Rain Is Not My Indian Name is a symbol of that growth. As a published novelist, it’s the place I began. Every novel I’ve published since has been more popular, but Rain has its loyal followers. I’ve heard from kids who insisted it was their favorite book and a few who said it had helped them to heal after a great loss.
I love that. And I love to think of Rain, forever fourteen in a little fictional town called Hannesburg, Kansas.
Rain Reviews & Resources
In honor of my work on Rain Is Not My Indian Name, I was named a 2001 Writer of the Year by Wordcraft Circle of Native Writers and Storytellers.
Audio File says: "Rich with sorrow and the longing for resolution in a life diminished by loss, the story of Rain's journey toward her own identity is captivating and exceedingly hopeful." Check out the unabridged download from Listening Library.
Kirkus Reviews calls it: "Tender, funny, and full of sharp wordplay..."
School Library Journal said: "It is one of the best portrayals around of kids whose heritage is mixed but still very important in their lives. It's Rain's story and she cannot be reduced to simple labels. A wonderful novel of a present-day teen and her 'patch-work tribe.'"
Publishers Weekly: "...readers will feel the affection of Rain's loose-knit family and admire the way that they, like the author with the audience, allow Rain to draw her own conclusions about who she is and what her heritage means to her."
See also the Readers Guide and Chapter Insights. Read an excerpt from HarperCollins.

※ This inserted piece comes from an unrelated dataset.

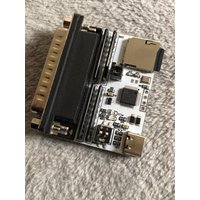 Macintosh SCSI to USB Adapter | SCSI Electronic Hard Drive for Mac Plus, SE | USB File Transfer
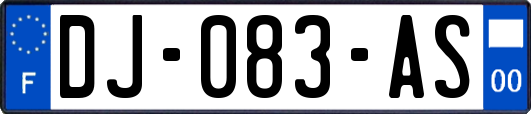 DJ-083-AS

My other books with Native protagonists include a picture book, Jingle Dancer, illustrated by Cornelius Van Wright and Ying-Hwa Hu (Morrow, 2000)(ages 4-up), and a chapter book collection of short stories, Indian Shoes, illustrated by Jim Madsen (HarperCollins, 2002)(ages 7-up).

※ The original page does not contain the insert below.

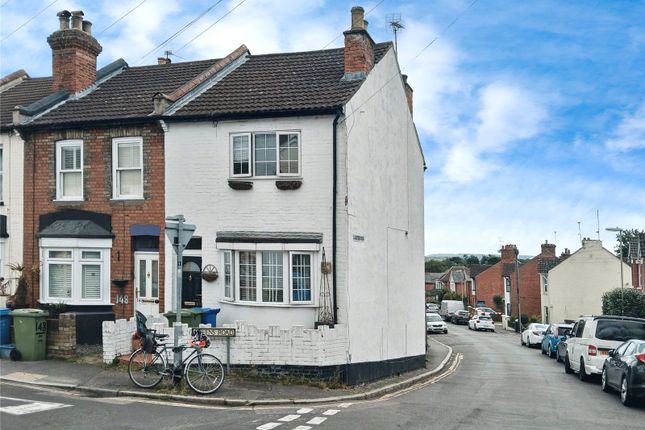 Queens Road, Aldershot, Hampshire, GU11 2 bed end of terrace house for sale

My short stories with Native protagonists include: "A Real Live Blond Cherokee and His Equally Annoyed Soul Mate" from Moccasin Thunder: American Indian Stories for Today, edited by Lori M. Carlson (HarperCollins, 2005) and "Riding With Rosa" from Cicada literary magazine (Vol. 7, No. 4, March/April 2005).
I look forward to the publication of “Mooning Over Broken Stars” in Girl Meets Boy, edited by Kelly Milner Halls (Chronicle, spring 2012). My story is a companion to one by distinguished Abenaki author Joseph Bruchac.